Cooking well

The meals served daily are planned to follow a sustainable, flexitarian food plan made up of 4 cycles of seasonal menus. This plan pursues several objectives: respect for product seasonality, nutritional balance, food discovery, taste education, organoleptic quality (flavor, smell, appearance, texture and consistency) of the dishes offered, and integration of the child into his or her territory through food.
Another central point: dishes are prepared in the central kitchen around the "home-made" promise. The city of Montpellier will be equipped with a new central kitchen by 2028, as part of the Cité de l'Alimentation project. It will have a production capacity of 18,000 organic/local meals a day. The future kitchen will be located next to the station market, in the Restanque district.
Explain

The City of Montpellier is committed to deploying its policy by involving the various stakeholders.
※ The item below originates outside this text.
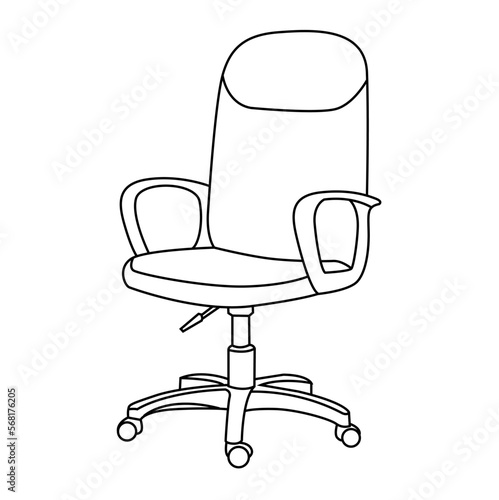 Adjustable Rolling Chair, Office chair editable vector illustration on white background. chair Line art, clip art. swivel chair, Hand-drawn design elements.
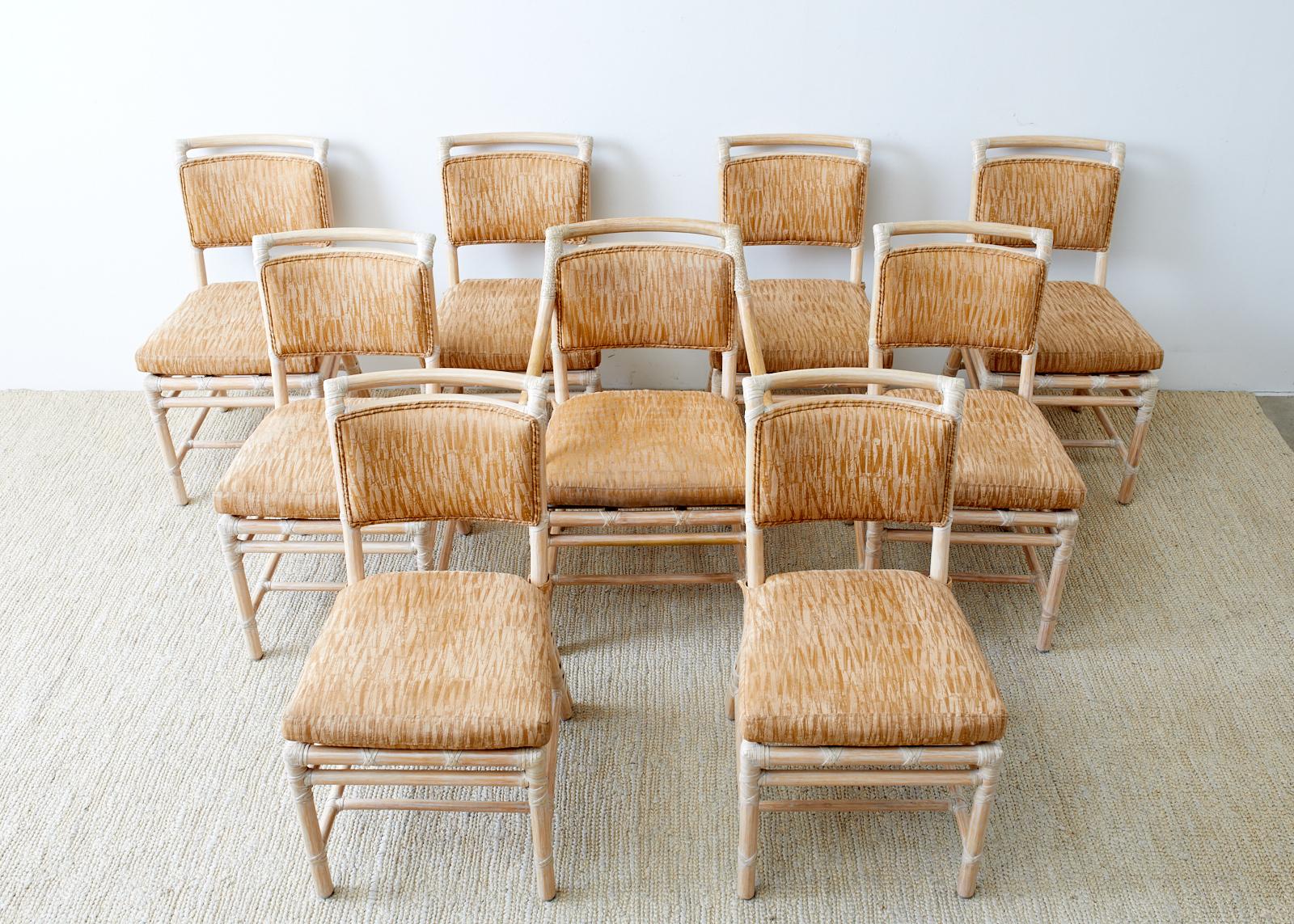 Hand-Crafted Set of Nine McGuire Cerused Rattan Dining Chairs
To achieve this, several actions are being taken:
- Taking into account the opinions formulated by the school catering monitoring committee, chaired by the deputy delegate for food policy and urban agriculture and made up of researchers, associations, producers, industry players, teachers, parent representatives, catering professionals, central kitchen staff and schools.
- Tour of the central kitchen by the children's municipal council, who are working on projects linked to school catering (construction of a questionnaire, menu names...).
- Tours of the central kitchen are organized regularly on request to better explain how the central kitchen works.
- Meals in the canteens are organized once or twice a week by the deputy delegate for food policy in a school restaurant with parents, principals, the elected member of the school council, representatives of the Food Policy Department and the Education Department.
- Regular discussion sessions are organized between the elected representative, staff and families on the subject of school catering.
Eating well

The City of Montpellier offers menus to encourage taste education and food discovery. Thus, canteen staff are trained to explain the provenance of products and traditional recipes.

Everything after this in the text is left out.